Source material Start Marker

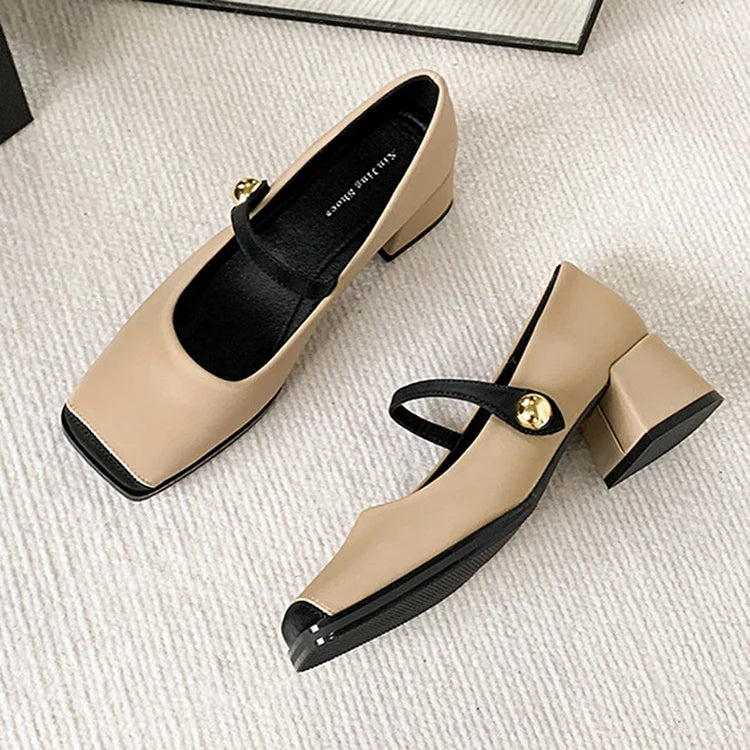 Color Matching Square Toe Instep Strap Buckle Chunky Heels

Source material End Marker
Source material Start Marker

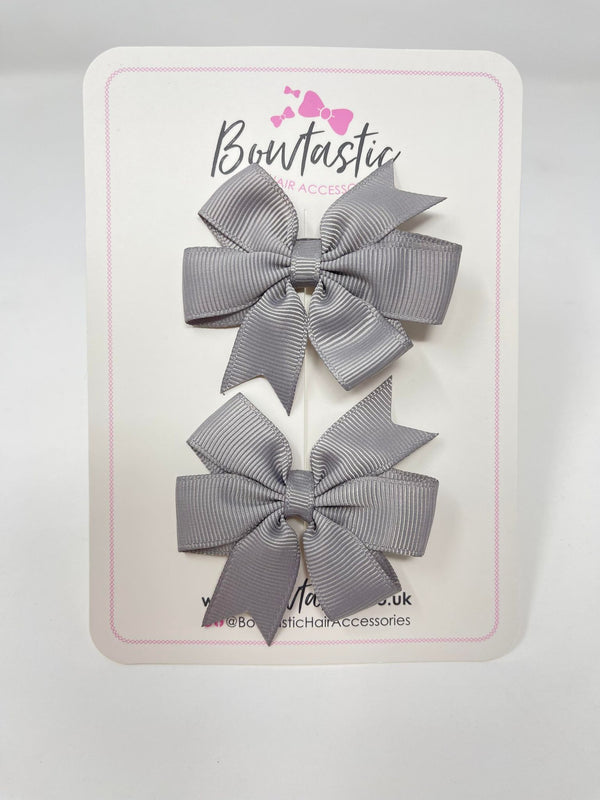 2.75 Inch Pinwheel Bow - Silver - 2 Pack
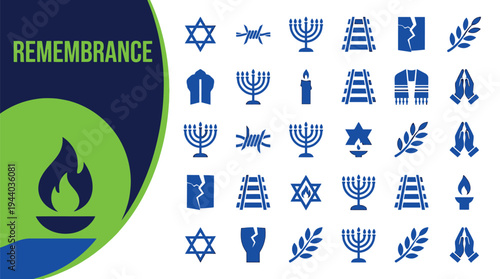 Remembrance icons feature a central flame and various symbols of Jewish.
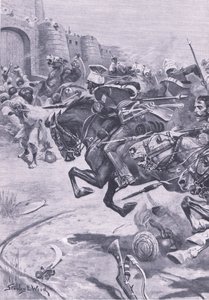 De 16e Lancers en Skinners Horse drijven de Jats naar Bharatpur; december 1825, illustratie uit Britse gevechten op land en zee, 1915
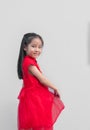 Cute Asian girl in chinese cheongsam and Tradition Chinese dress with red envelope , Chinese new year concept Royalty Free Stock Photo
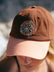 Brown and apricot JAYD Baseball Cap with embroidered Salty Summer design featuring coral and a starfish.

Source material End Marker
Source material Start Marker

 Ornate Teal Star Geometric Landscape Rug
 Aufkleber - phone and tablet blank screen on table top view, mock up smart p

Source material End Marker

◆ Work task ◆
Give again the lines of the listing above that run from the one with "2.75 Inch Pinwheel Bow - Silver - 2 Pack" up to and including the one with "Brown and apricot". Keep them exact and omit the pictures.

◆ The completed task ◆
 2.75 Inch Pinwheel Bow - Silver - 2 Pack
 Remembrance icons feature a central flame and various symbols of Jewish.
 De 16e Lancers en Skinners Horse drijven de Jats naar Bharatpur; december 1825, illustratie uit Britse gevechten op land en zee, 1915
 Cute Asian girl in chinese cheongsam and Tradition Chinese dress with red envelope , Chinese new year concept Royalty Free Stock Photo
 Brown and apricot JAYD Baseball Cap with embroidered Salty Summer design featuring coral and a starfish.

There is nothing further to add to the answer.